AI can write code faster than any developer alive. Your codebase has years of accumulated decisions baked into it. And the thing connecting them is you, manually copying context from one chat window into the next.
We’ve closed the capability gap. The models are genuinely good. They can refactor, generate tests, scaffold entire features. That part works.
But every AI session starts completely cold.
No memory of what was decided yesterday. No understanding of why the service layer is structured that way. No awareness that your team spent two weeks evaluating message brokers before choosing the one they chose.
The why behind your code doesn’t travel.
Yes, teams are starting to address this: CLAUDE.md files, custom instructions, documentation links pinned to prompts. These all help, but they’re static. They capture what someone remembered to write down at one point in time. They don’t capture the decisions made since then, or the reasoning behind the pull request that quietly changed your error handling strategy last Tuesday.
And there’s a cost nobody talks about. Every time an AI session starts cold, the model has to reverse-engineer your codebase from scratch.
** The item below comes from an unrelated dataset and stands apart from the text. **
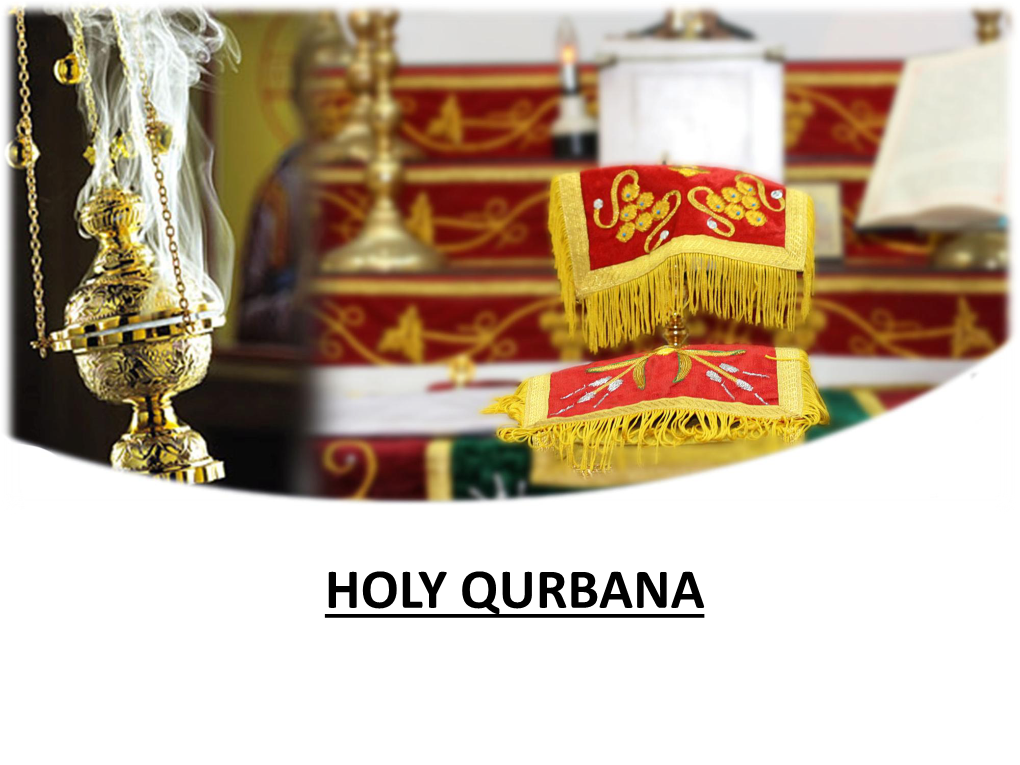 Part2-Holy Qurbana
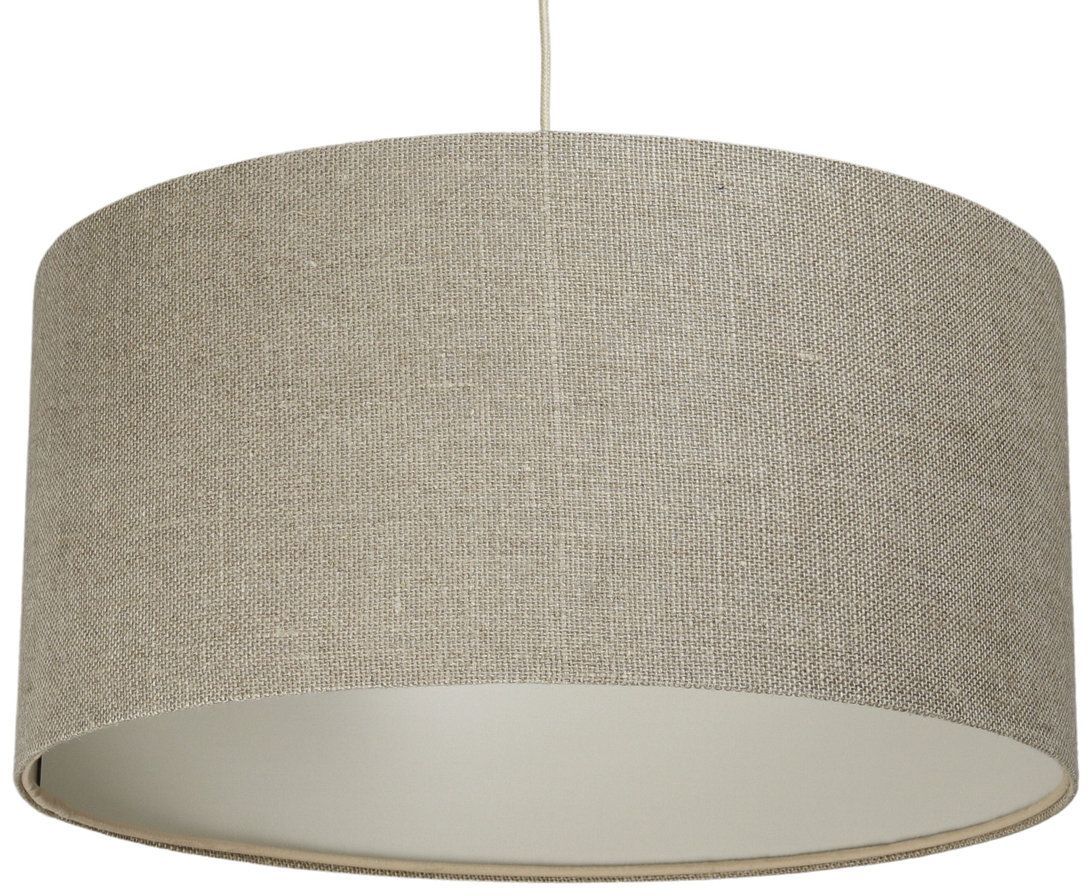 Darmowa Dostawa - Lampa wisząca 1x60 W beżowa BPS Koncept Len Light 0E021040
It reads files, infers patterns, guesses at intent. That’s tokens, time, and context window spent rediscovering things your team already knows. You’re paying for the AI to figure out what your code does instead of directing it toward what it should do next.
So the human becomes the integration layer. You re-explain the same architectural decisions to every new session. You paste the same constraints. You carry the institutional memory that no tool is capturing.
That’s not a workflow. That’s a workaround that breaks the moment you scale it.
One developer shuttling context is tedious but survivable. A team of twenty, each maintaining their own mental model of what the AI needs to know? That’s how you get five developers making the same architectural decision five different ways. Each one perfectly reasonable in isolation. Collectively incoherent.
The bottleneck has shifted. It’s no longer the AI’s ability to write code. It’s the absence of anything in the middle that preserves context. Something that captures why a decision was made, not just what changed. That surfaces the right context at the right moment. That makes the next session as informed as the last one, without a human manually reconstructing the thread.
The AI is capable enough. Your codebase is ready. But what stops context from evaporating every time a session ends? That’s the missing piece of the puzzle.
How is your team handling context across AI sessions? Building something, or still re-explaining every time?